Specifically exercise 6. You're reusing initialValue as your accumulator. Firstly, unless you're doing some kind of crazy micro-optimization, just don't ever reuse function inputs in your functions. Ever. You will undoubtedly create unintended side effects that waste countless hours debugging.

Consider the case where the array is not an array of primitives. You assign the initialValue to array[0] if an initialValue wasn't defined. Seems innocent enough. In this case though, it's a reference and not a copy. Now on each iteration of the forEach you're modifying the first element in the input array! Surely that's not what's intended and, especially for your target audience here, you're going to create a very frustrating future experience for them.

Now also consider the case where initial value is defined but is not a primitive value. If I was inputting something I wanted to use later in my code it would be unexpectedly changed!

Instead you should take care to create a copy of array[0] and initialValue when setting the value for your accumulator.

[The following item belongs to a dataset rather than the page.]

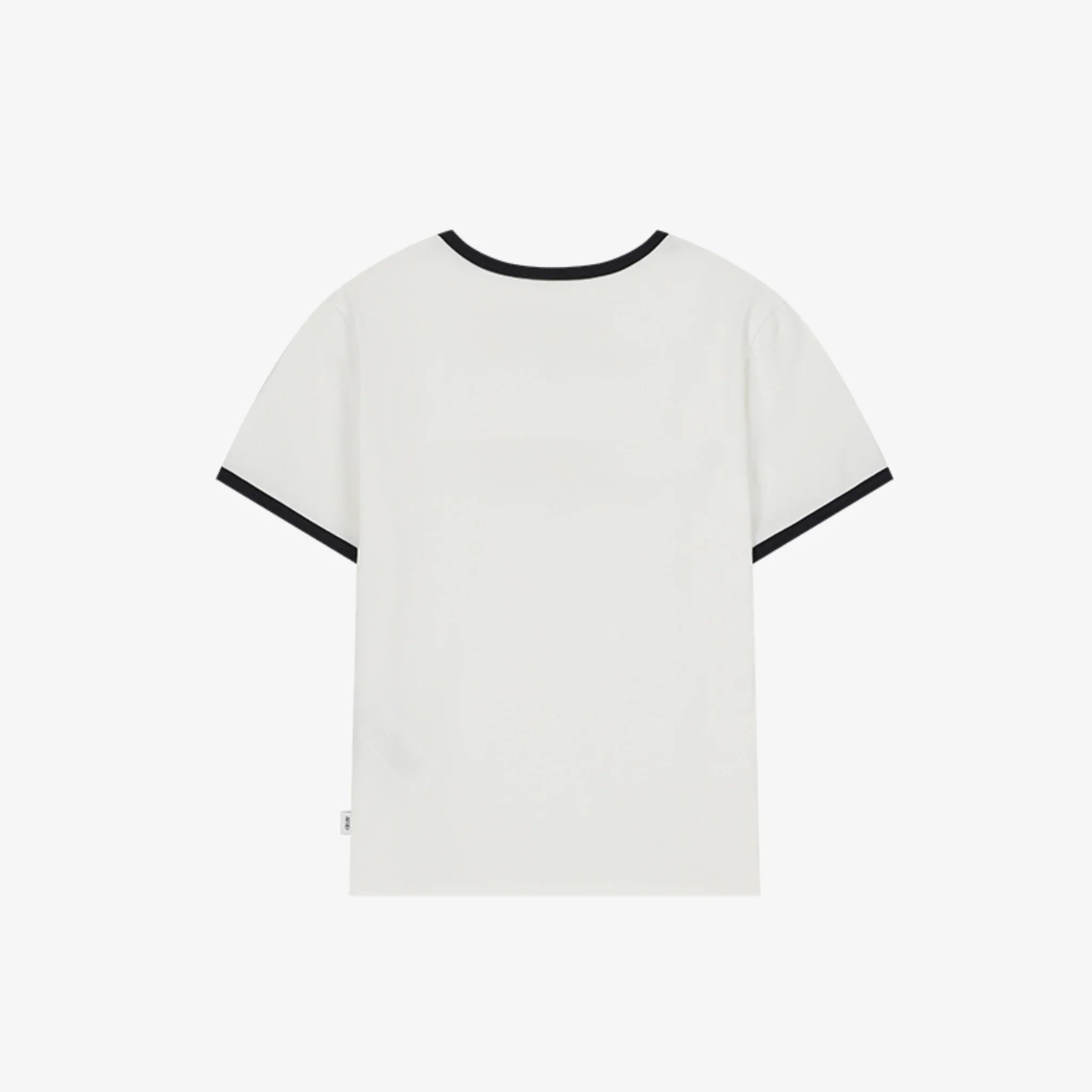 ARTID SPREAD COLOR BLOCK RINGER T SHIRT-6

You're 100% correct there. I should have assigned initialValue to a new variable to make sure the function has no side effects. Bad miss on my part. Thanks for pointing out 😊


maybe then update the post as not everyone is going to fully read the comments section :)


Current reduce implementation is wrong - it will handle first item twice if you will not set initialValue.


Thanks for picking that up! Should be fixed now 😀


if (Object.keys(arguments).length > 2) {

I think you can just use arguments.length. Cheers!

better yet, typeof initialValue !== 'undefined' so you avoid touching arguments at all

yes...but accum = initialValue loses its purpose if it is.